During his career in research and education, in addition to his five books, his published papers, and over 30 graduate students, he made many contributions to the leadership of professional societies. He was technical editor of the American Society of Mechanical Engineers (ASME) Journal of Applied Mechanics for five years and served on many ASME committees, including five years on the executive committee of the Applied Mechanics Division, several years on the ASME Nominating Committee (including as its chair), and several years on the Honors Committee, in addition to several other societywide committees.

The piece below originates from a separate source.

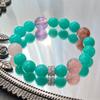 High Quality Natural Tianhe Stone Amethyst Powder Crystal Black Gold Super Strawberry Crystal Bracelet Bracelet.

His greatest contribution to our profession may have been his 18 years as secretary of the US National Committee on Theoretical and Applied Mechanics— he served in that position longer than any other secretary. During that time he was also a delegate to the International Union for Theoretical and Applied Mechanics General Assembly and later a member-at-large. His contributions were recognized by many awards and honors, including the ASME Medal (1987) and honorary membership (1977), as well as awards from ASCE and the Russian Academy of Science.

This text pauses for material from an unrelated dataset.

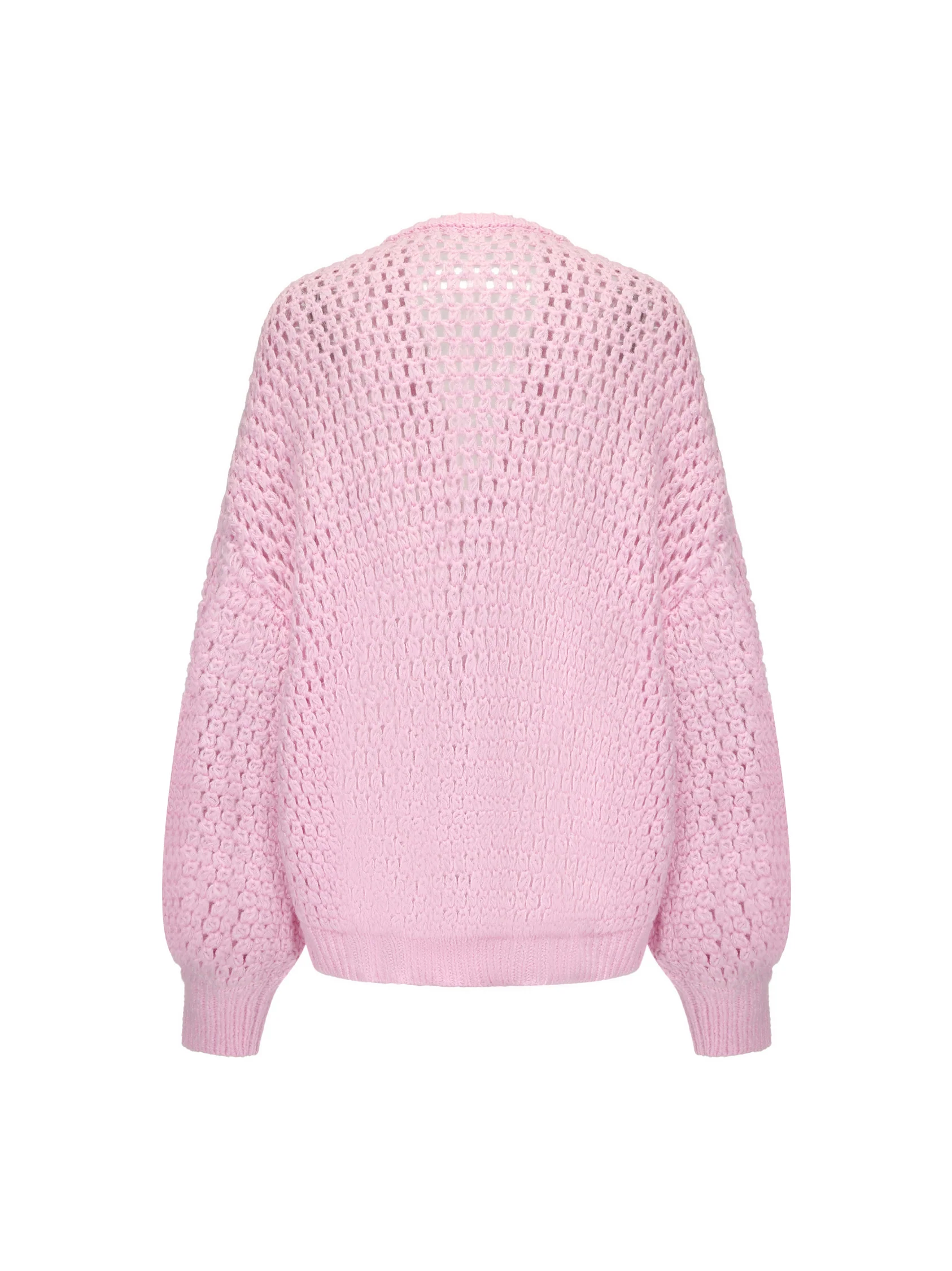 Alexis Cardigan + Scarf Set (Pink)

In addition to his many contributions to engineering, Philip was an avid outdoorsman. He was a hiker, camper, back-packer, cross-country skier, and marathoner until long after his retirement. He was proud of his two Boston Marathons and of having finished first in the Senior Section of the Twin Cities Marathon. He slowed down a little only when his knees began to bother him in his late sixties and his doctor warned him, “You can run now or walk later!” He was an opera aficionado and wrote published opera reviews until fairly recently.
His wife Thea had been a senior software executive for Cray Computers while they lived in Minneapolis. She preceded him in death by several years. He leaves three children: Susan E. Hodge, Philip T. Hodge, and Elizabeth Hodge Kelly, and many grandchildren and great-grandchildren.